§ **Provided data**:
····················
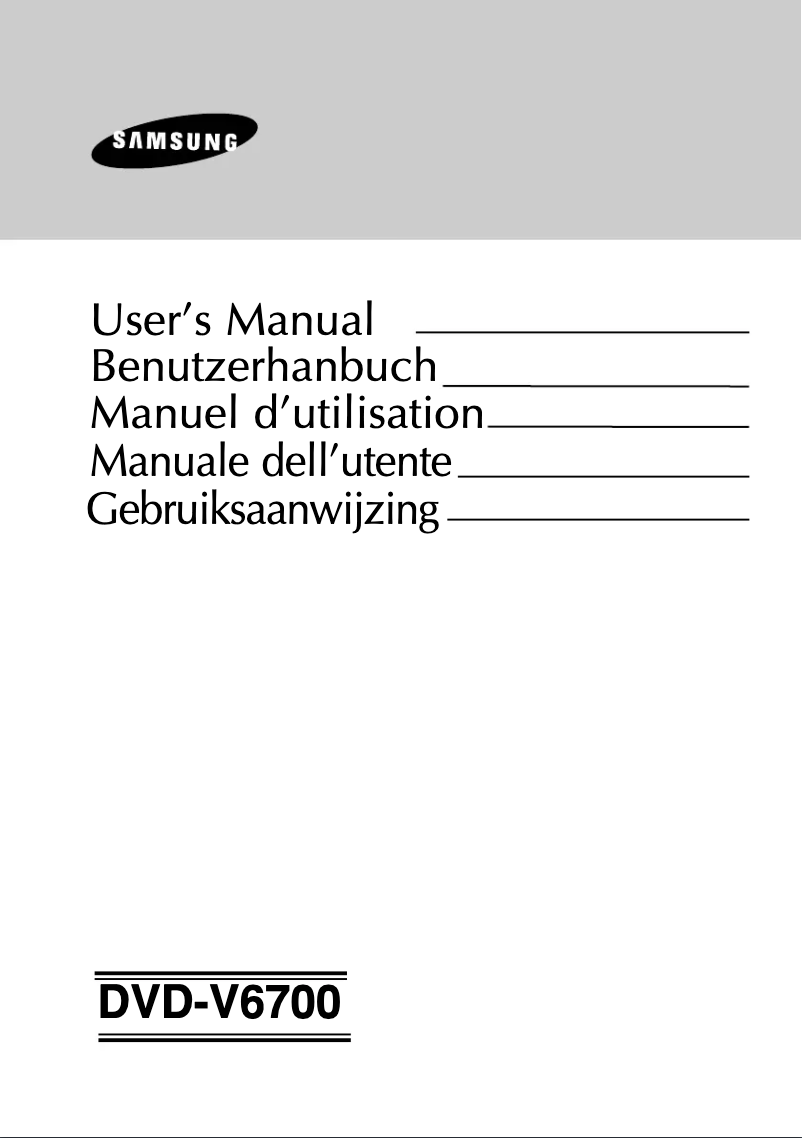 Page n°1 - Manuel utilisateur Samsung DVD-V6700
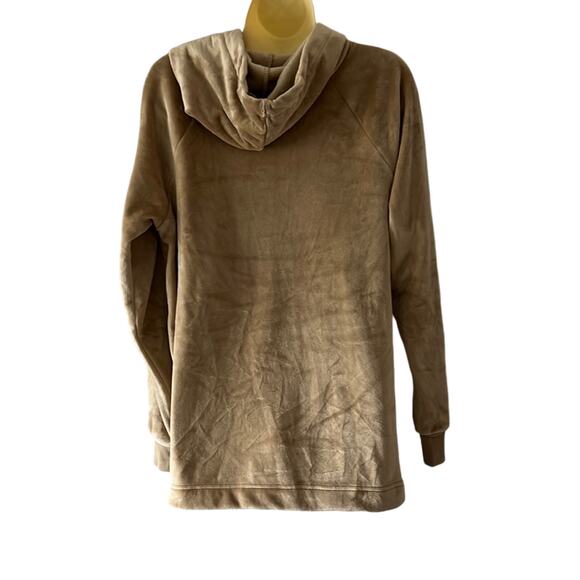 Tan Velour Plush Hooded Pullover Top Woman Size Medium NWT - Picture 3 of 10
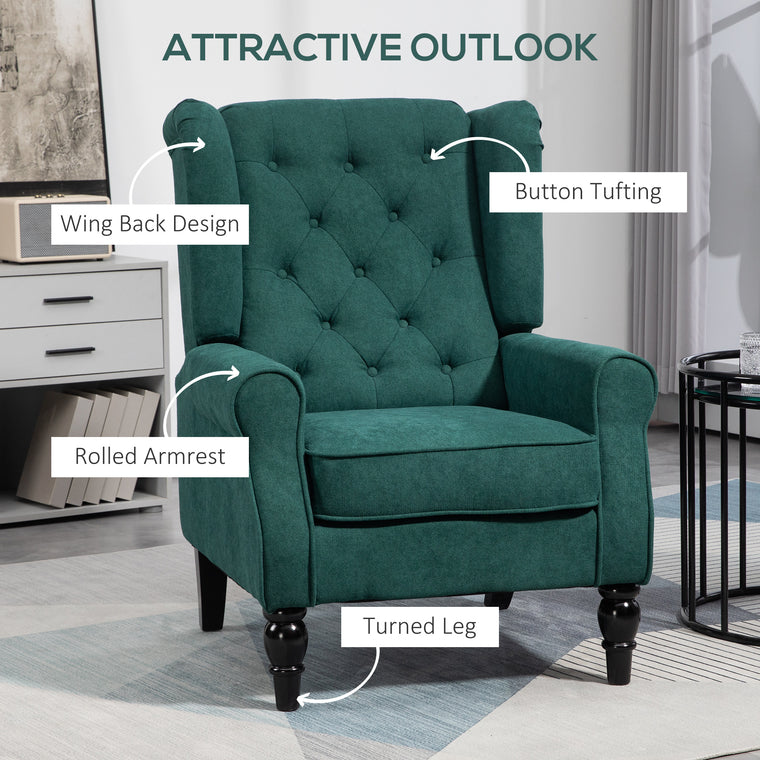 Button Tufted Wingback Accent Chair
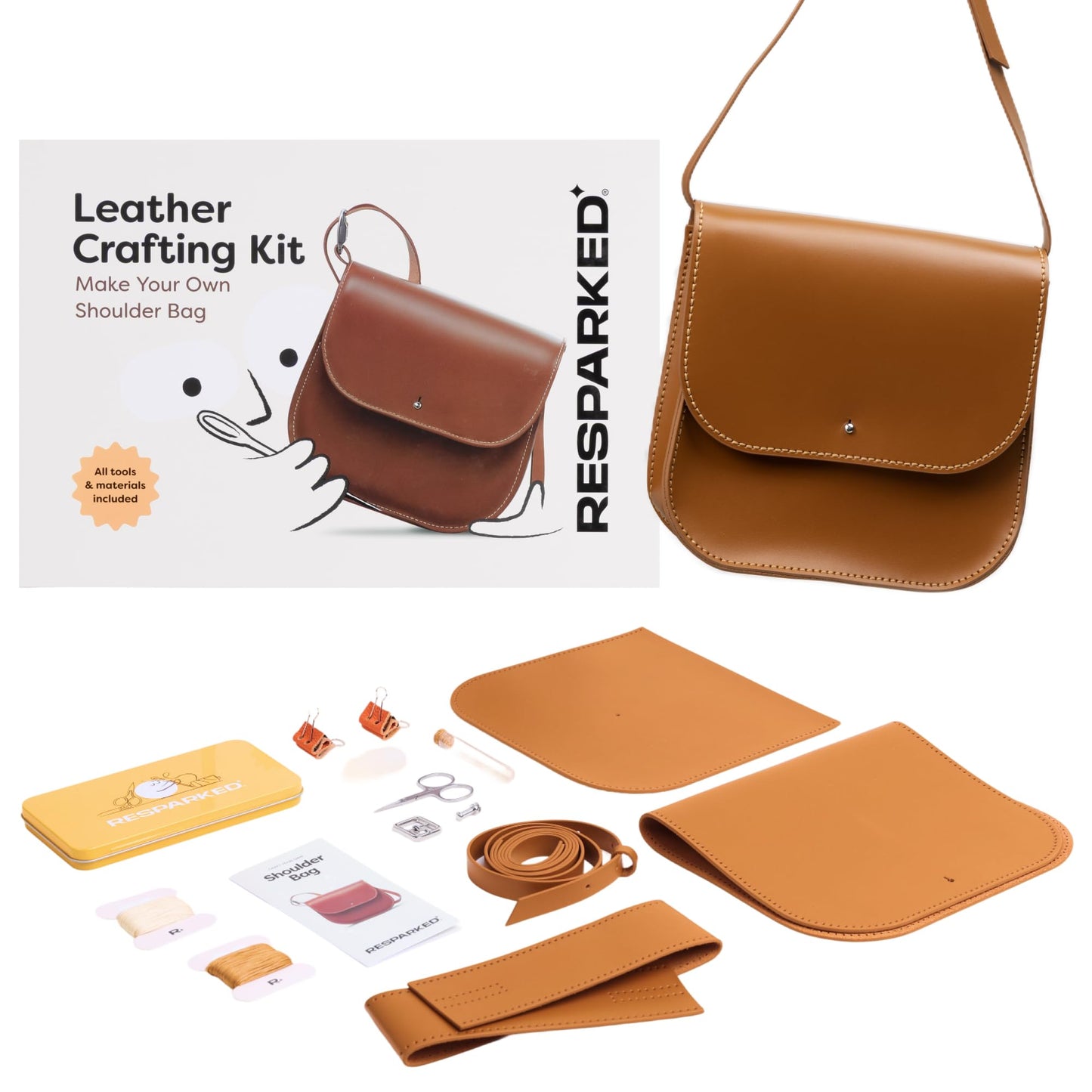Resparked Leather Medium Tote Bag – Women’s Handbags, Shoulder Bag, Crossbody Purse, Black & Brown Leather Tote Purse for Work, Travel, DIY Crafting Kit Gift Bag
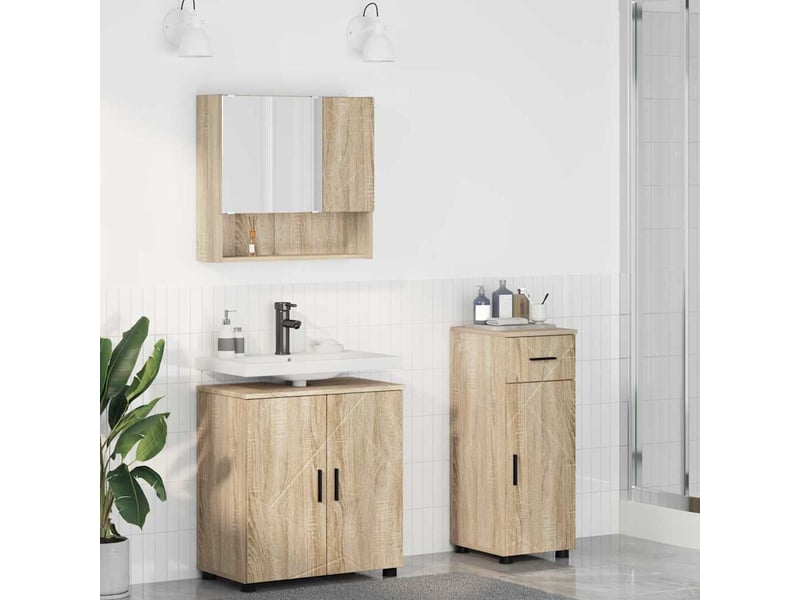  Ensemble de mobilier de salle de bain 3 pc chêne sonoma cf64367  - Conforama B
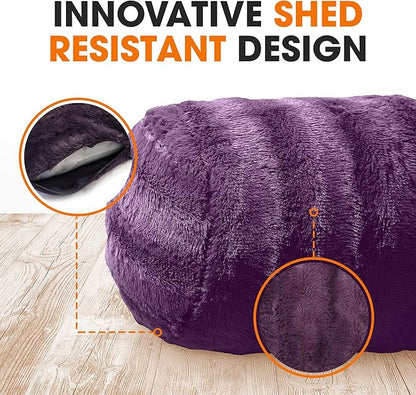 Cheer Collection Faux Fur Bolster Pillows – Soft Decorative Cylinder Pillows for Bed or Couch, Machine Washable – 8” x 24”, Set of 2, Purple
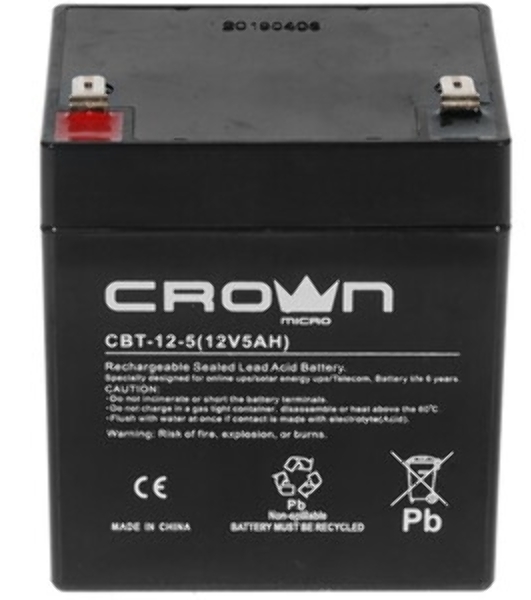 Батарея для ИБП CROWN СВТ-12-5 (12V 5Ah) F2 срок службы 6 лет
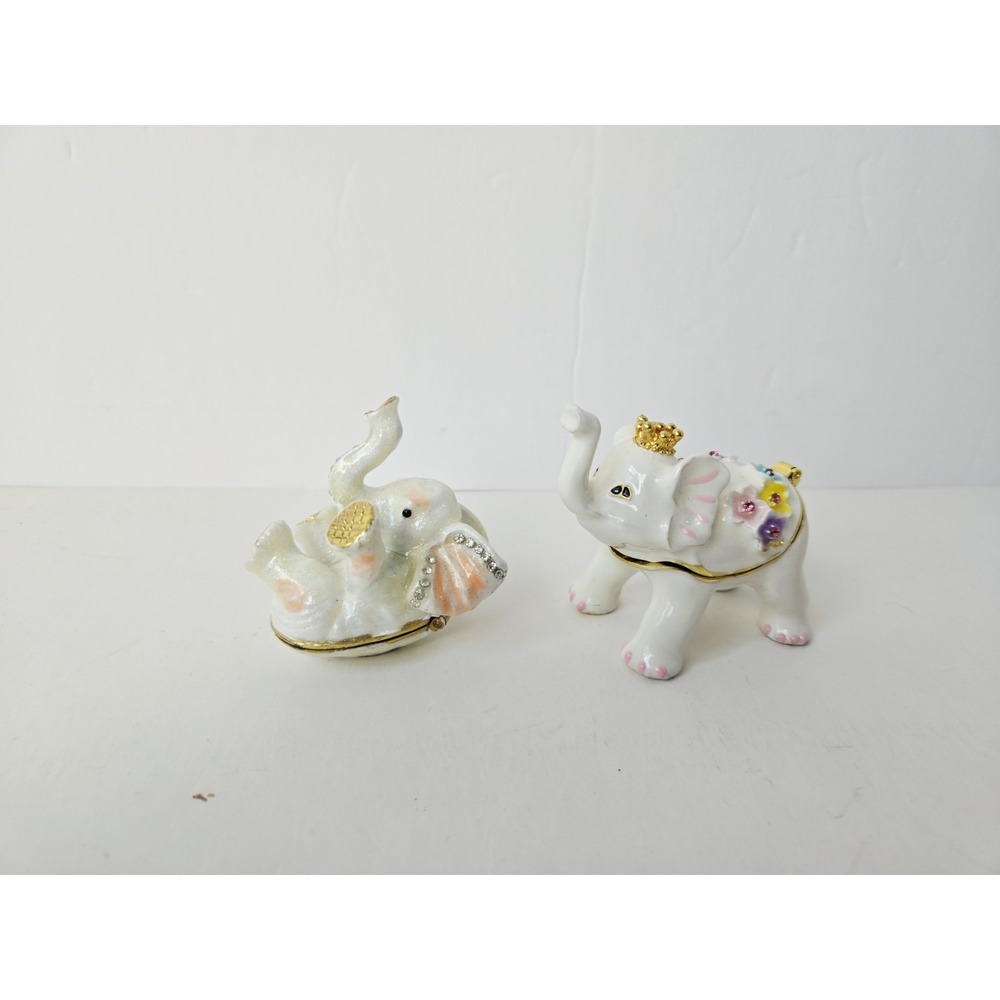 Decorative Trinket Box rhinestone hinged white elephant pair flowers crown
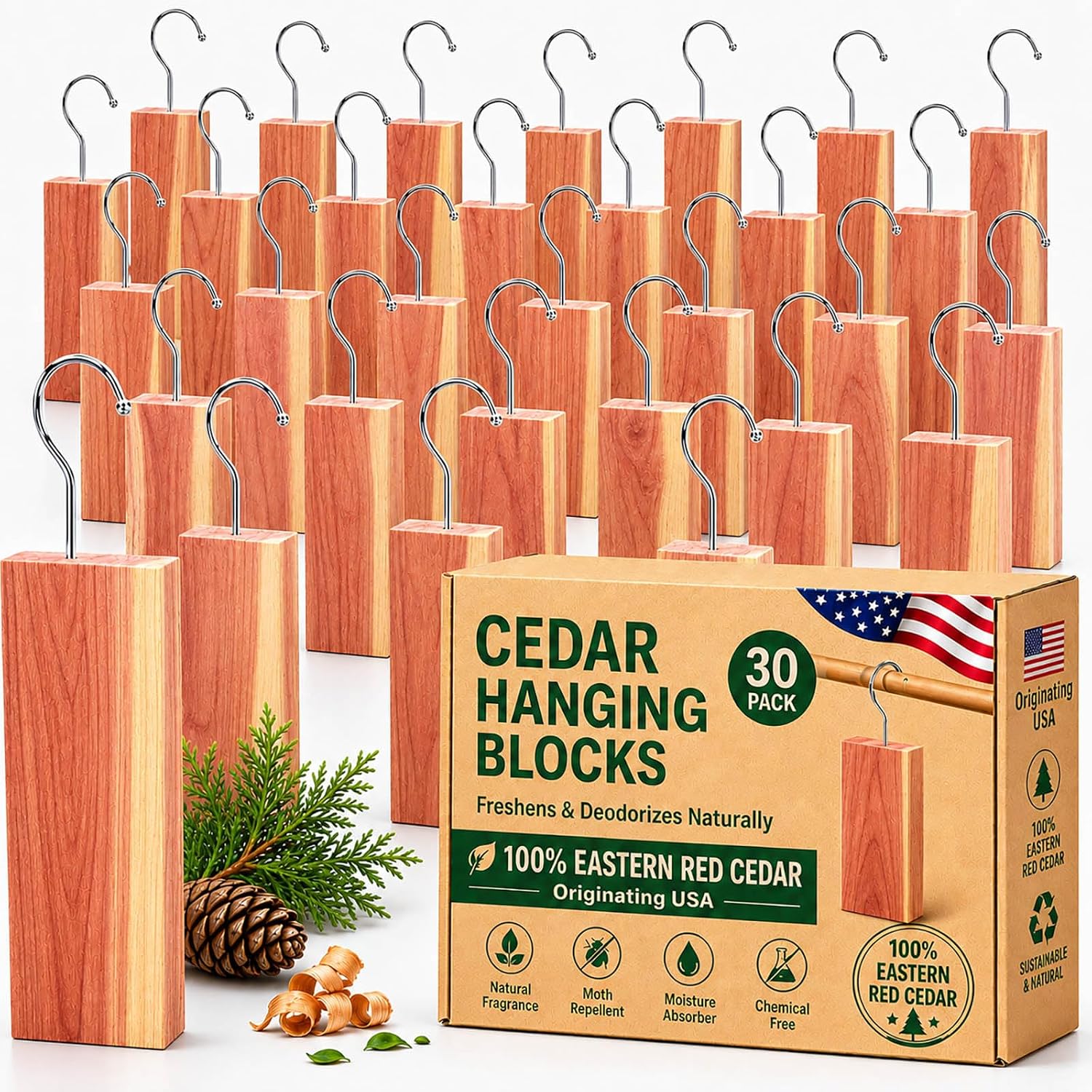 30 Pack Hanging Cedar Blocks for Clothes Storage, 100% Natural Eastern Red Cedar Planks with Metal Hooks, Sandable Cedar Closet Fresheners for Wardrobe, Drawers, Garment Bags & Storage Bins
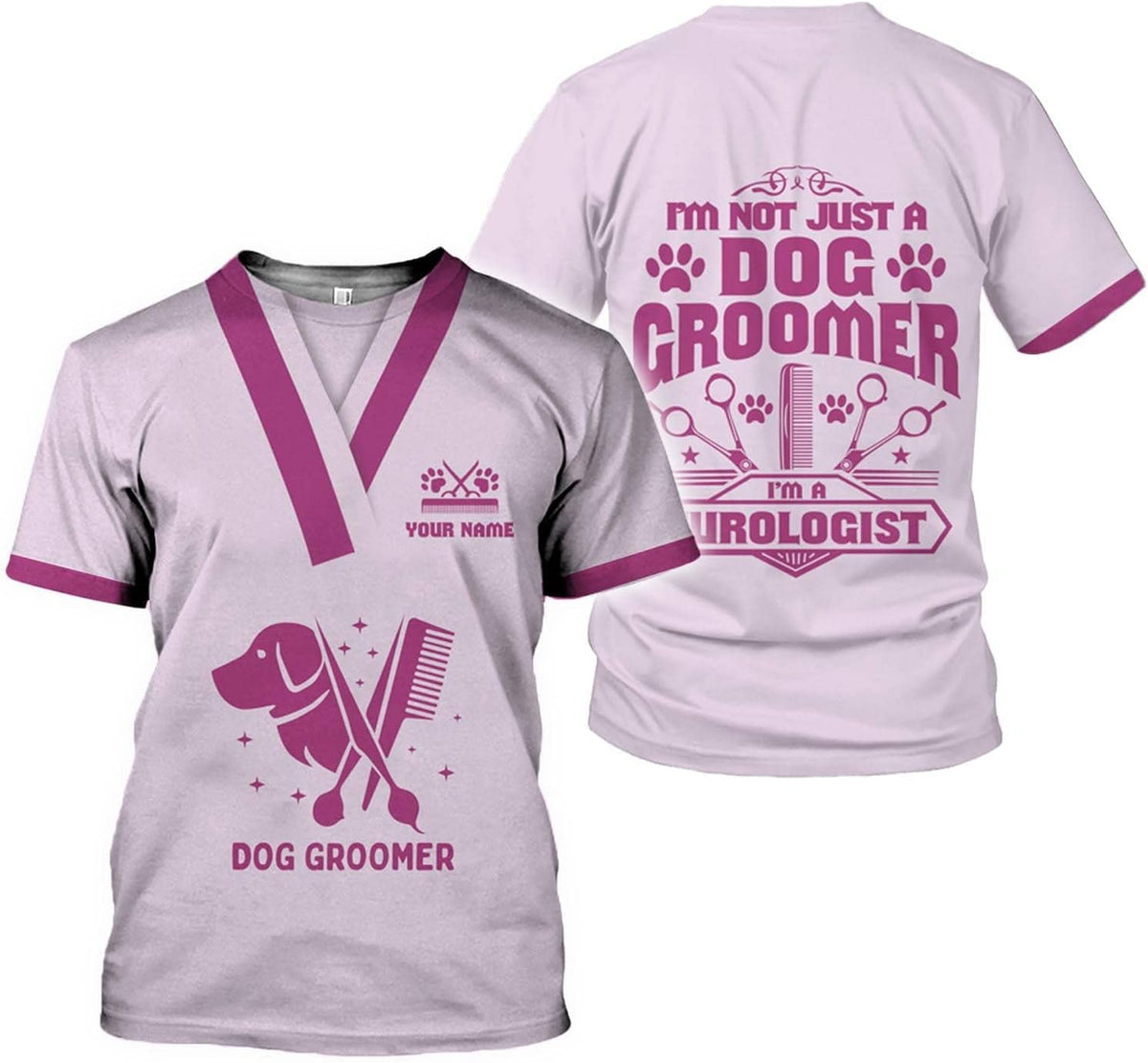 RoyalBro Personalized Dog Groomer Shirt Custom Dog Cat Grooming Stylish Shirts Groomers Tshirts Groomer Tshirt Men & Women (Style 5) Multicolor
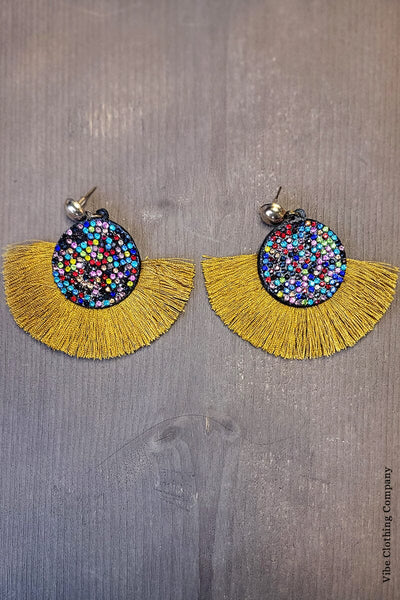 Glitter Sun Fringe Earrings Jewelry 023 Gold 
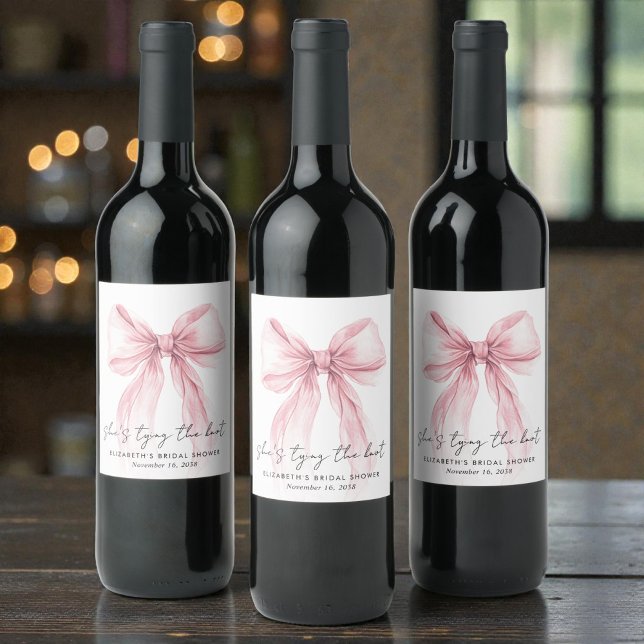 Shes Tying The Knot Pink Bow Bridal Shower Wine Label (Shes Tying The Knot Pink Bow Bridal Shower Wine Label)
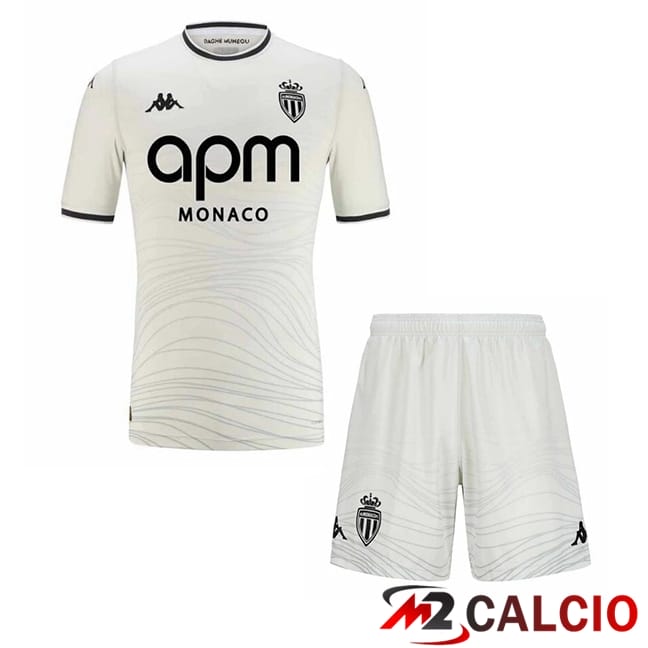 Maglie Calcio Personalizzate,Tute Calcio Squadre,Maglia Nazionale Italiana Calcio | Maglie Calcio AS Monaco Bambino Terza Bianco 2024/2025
····················
§ **Work to complete**: Go to the line above that contains "Resparked Leather Medium" and reproduce everything exactly from there through the line that contains "Shes Tying The Knot Pink Bow Bridal Shower Wine Label (Shes", leaving out the pictures.

§ **Result of the exercise**:
Resparked Leather Medium Tote Bag – Women’s Handbags, Shoulder Bag, Crossbody Purse, Black & Brown Leather Tote Purse for Work, Travel, DIY Crafting Kit Gift Bag
  Ensemble de mobilier de salle de bain 3 pc chêne sonoma cf64367  - Conforama B
 Cheer Collection Faux Fur Bolster Pillows – Soft Decorative Cylinder Pillows for Bed or Couch, Machine Washable – 8” x 24”, Set of 2, Purple
 Батарея для ИБП CROWN СВТ-12-5 (12V 5Ah) F2 срок службы 6 лет
 Decorative Trinket Box rhinestone hinged white elephant pair flowers crown
 30 Pack Hanging Cedar Blocks for Clothes Storage, 100% Natural Eastern Red Cedar Planks with Metal Hooks, Sandable Cedar Closet Fresheners for Wardrobe, Drawers, Garment Bags & Storage Bins
 RoyalBro Personalized Dog Groomer Shirt Custom Dog Cat Grooming Stylish Shirts Groomers Tshirts Groomer Tshirt Men & Women (Style 5) Multicolor
 Glitter Sun Fringe Earrings Jewelry 023 Gold 
 Shes Tying The Knot Pink Bow Bridal Shower Wine Label (Shes Tying The Knot Pink Bow Bridal Shower Wine Label)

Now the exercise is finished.